Problem description
Write out every line below that includes the word "Solid".

Dataset items

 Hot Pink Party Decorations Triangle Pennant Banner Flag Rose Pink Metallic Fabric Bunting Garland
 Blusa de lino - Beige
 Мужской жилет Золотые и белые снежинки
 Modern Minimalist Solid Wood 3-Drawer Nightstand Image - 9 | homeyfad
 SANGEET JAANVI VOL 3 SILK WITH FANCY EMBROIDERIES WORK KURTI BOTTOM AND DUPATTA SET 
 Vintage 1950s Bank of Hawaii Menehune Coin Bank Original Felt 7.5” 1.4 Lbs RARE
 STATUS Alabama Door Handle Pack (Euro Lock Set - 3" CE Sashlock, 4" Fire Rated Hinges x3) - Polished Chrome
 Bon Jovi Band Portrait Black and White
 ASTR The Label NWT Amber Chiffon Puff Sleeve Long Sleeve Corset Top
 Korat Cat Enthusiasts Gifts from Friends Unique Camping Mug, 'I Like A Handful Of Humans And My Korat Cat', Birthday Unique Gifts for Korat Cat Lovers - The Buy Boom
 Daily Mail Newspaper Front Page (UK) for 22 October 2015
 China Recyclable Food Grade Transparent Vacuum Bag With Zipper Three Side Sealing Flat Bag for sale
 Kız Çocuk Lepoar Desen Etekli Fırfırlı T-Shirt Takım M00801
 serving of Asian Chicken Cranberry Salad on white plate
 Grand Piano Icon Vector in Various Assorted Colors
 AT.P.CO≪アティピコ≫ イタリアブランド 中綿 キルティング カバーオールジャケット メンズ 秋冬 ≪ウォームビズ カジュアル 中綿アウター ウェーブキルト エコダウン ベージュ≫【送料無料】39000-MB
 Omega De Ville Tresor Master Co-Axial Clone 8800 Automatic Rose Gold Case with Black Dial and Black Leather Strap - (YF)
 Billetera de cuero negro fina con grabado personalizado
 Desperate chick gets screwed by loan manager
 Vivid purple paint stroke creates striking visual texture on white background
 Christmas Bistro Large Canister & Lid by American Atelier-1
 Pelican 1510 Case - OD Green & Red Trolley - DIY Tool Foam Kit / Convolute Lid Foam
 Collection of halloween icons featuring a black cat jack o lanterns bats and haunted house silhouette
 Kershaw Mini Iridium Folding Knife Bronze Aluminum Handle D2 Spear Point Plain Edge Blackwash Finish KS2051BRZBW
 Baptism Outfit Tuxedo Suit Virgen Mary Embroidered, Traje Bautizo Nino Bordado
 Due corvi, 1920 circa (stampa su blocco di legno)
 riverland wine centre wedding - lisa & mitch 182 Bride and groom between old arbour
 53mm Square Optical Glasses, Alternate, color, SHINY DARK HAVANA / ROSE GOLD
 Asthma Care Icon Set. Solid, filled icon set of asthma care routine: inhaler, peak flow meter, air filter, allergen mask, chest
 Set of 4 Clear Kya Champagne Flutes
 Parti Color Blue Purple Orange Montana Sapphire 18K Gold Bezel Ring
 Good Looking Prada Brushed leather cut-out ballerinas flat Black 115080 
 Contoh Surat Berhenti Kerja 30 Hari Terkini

Output of the task
 Modern Minimalist Solid Wood 3-Drawer Nightstand Image - 9 | homeyfad
 Asthma Care Icon Set. Solid, filled icon set of asthma care routine: inhaler, peak flow meter, air filter, allergen mask, chest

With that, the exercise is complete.